El equipo, fundado bajo la Asociación Civil de Beneficio Mutuo Club Social de la Policía Nacional, combina el apoyo financiero de oficiales y agentes de la Policía Nacional con contratos millonarios adjudicados a empresas vinculadas al arrendamiento de vehículos. Entre 2024 y 2025, cuatro empresas – Econo Rent a Car, Arrendadora de Vehículos, Inversiones Globales, y Latin American Armored Rentals – firmaron contratos con la Secretaría de Seguridad por más de 2,600 millones de lempiras (cerca de 98 millones de dólares).
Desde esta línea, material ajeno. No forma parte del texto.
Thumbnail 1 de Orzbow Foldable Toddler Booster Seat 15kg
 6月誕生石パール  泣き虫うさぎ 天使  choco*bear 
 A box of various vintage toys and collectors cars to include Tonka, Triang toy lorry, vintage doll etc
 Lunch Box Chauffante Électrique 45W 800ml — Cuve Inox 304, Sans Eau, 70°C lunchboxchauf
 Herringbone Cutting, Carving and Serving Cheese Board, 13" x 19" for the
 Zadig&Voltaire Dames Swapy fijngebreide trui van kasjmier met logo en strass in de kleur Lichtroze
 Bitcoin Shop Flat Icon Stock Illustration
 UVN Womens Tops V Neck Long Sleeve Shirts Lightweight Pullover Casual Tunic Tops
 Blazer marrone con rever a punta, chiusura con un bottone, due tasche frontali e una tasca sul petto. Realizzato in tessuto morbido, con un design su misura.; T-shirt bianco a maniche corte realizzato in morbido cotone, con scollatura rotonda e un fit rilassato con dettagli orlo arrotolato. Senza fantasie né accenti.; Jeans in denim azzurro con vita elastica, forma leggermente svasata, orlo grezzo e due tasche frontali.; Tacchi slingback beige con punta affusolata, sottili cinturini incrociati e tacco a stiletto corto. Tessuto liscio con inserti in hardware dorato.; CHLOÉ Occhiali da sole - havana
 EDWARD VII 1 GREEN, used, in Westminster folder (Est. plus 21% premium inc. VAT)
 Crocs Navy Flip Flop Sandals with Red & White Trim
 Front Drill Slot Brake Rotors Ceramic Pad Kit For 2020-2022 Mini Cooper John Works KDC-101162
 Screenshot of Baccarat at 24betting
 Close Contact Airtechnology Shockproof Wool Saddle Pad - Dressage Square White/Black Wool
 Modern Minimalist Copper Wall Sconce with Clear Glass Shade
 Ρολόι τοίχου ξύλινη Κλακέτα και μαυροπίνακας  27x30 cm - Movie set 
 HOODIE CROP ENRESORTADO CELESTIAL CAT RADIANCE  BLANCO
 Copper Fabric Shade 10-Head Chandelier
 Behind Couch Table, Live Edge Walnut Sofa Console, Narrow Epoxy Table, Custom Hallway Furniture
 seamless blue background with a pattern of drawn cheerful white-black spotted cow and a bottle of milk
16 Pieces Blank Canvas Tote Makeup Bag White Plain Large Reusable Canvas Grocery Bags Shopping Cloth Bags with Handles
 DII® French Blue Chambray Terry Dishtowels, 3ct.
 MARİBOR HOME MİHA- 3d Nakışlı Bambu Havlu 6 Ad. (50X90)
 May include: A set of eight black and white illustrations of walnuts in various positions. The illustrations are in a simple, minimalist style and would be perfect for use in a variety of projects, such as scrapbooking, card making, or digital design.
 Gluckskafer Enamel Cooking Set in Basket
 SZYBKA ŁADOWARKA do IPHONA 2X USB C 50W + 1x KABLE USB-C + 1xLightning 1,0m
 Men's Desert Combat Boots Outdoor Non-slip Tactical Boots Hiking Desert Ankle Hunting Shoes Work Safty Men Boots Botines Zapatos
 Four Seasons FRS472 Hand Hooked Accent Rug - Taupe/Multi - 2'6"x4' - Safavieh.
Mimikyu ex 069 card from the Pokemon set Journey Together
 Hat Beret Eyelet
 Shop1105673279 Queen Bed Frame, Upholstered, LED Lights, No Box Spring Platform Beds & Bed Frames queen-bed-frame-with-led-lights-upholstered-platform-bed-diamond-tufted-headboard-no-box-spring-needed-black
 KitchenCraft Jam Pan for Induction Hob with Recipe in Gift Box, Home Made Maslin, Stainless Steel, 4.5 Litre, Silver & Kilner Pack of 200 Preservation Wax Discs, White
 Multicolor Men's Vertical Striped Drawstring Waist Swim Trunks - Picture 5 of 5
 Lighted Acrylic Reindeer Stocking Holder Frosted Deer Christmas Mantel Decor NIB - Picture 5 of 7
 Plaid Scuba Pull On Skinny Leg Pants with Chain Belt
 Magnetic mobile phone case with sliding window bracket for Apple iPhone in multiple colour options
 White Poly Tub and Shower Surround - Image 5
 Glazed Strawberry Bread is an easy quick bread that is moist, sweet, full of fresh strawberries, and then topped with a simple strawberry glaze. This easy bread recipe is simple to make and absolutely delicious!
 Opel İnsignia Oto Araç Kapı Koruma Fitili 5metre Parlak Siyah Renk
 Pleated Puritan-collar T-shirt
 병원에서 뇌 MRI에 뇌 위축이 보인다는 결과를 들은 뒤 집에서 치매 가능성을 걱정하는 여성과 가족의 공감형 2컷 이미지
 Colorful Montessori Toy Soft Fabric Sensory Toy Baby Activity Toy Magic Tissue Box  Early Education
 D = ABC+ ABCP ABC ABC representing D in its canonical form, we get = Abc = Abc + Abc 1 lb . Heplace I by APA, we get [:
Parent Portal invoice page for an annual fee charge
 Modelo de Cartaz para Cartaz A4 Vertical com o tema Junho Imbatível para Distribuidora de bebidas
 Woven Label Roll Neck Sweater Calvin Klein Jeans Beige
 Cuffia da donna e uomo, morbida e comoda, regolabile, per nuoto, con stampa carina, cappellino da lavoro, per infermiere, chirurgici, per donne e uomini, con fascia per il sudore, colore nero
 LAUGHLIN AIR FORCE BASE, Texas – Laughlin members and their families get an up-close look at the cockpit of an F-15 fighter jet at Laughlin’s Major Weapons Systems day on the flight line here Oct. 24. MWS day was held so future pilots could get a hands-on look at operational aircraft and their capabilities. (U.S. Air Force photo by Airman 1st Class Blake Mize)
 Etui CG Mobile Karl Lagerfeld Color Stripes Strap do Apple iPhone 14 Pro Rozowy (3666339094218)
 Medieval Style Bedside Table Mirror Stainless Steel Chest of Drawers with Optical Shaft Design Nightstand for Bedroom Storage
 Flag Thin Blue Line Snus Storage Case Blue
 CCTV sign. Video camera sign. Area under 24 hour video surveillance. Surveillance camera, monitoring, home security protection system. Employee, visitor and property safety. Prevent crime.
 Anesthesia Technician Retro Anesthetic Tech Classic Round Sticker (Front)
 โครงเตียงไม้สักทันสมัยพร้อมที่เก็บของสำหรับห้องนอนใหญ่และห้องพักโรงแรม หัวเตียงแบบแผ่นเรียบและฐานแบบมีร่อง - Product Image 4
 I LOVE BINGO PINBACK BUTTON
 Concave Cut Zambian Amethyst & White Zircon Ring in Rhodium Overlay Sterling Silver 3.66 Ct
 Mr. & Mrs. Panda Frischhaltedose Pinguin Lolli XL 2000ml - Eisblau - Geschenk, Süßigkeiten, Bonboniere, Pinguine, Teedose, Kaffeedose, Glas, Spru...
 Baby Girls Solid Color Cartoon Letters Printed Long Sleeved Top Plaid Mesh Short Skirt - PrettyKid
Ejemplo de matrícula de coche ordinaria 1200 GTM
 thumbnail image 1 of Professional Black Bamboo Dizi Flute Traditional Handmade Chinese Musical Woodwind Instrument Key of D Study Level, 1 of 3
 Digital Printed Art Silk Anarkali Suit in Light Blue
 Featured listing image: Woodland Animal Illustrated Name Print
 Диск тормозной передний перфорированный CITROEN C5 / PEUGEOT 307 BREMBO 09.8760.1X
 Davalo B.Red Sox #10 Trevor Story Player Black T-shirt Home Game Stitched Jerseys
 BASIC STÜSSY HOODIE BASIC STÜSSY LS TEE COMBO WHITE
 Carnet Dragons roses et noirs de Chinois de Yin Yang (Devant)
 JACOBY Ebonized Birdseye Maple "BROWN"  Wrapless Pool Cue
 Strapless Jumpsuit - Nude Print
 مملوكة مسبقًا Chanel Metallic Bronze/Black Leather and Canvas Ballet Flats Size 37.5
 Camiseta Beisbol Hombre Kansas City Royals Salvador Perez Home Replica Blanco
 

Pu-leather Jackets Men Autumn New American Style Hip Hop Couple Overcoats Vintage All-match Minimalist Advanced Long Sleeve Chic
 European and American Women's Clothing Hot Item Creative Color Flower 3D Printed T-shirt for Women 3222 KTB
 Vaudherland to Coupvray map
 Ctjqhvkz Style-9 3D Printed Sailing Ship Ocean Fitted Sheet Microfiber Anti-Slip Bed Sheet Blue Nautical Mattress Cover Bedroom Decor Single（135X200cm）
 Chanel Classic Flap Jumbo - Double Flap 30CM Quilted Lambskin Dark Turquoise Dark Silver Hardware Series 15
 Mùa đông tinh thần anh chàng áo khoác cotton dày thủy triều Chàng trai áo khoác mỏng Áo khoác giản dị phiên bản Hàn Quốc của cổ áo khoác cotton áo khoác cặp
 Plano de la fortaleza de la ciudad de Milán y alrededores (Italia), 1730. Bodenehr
Estas mismas empresas, previamente descalificadas en procesos de licitación en 2022, se convirtieron en patrocinadoras clave del club de fútbol.
Para integrarse en la Liga Nacional, el Policía Nacional Fútbol Club decidió unirse al Club Deportivo Génesis, entidad que ya figuraba inscrita en la primera división. A partir de esta unión, Sánchez pasó a ocupar la presidencia de la junta directiva, combinando sus funciones ministeriales con la administración del conjunto. Entre las fuentes adicionales de ingreso del club figuran los derechos de transmisión, las contribuciones económicas de la alcaldía de La Paz y la venta de entradas, que en su primera temporada superaron los 1.6 millones de lempiras.
No obstante, la opacidad en la administración de los fondos del club plantea fuertes cuestionamientos. Al ser gestionado por una asociación privada ligada a la Policía Nacional, sus estados financieros no están disponibles al público. Además, agentes de menor rango reportaron sentirse presionados para contribuir económicamente al Club Social de la Policía, lo que ha generado tensiones internas.
La relación que mantiene el equipo con su patrocinio estatal también ha suscitado cuestionamientos, ya que algunos observadores advierten que la financiación del club podría vincularse a un posible favoritismo en la adjudicación de contratos por parte de la Secretaría de Seguridad, reavivando antiguas dudas sobre manejos irregulares de los recursos públicos.
A pesar de las dudas, la presencia del Policía Nacional Fútbol Club parece haber revitalizado el municipio de La Paz. Su estadio, el Roberto Suazo Córdova, ha sido renovado, atrayendo partidos de alta competición y público proveniente de distintos lugares. Sin embargo, el impacto económico y social del equipo contrasta con las preguntas que persisten sobre la sostenibilidad del proyecto.
Aunque Gustavo Sánchez sostiene que impulsar el fútbol profesional en su ciudad obedece únicamente a una motivación personal y no a una directriz de la Secretaría de Seguridad, algunos críticos señalan que dicha iniciativa podría evidenciar conflictos de interés con repercusiones significativas en la administración de los recursos públicos.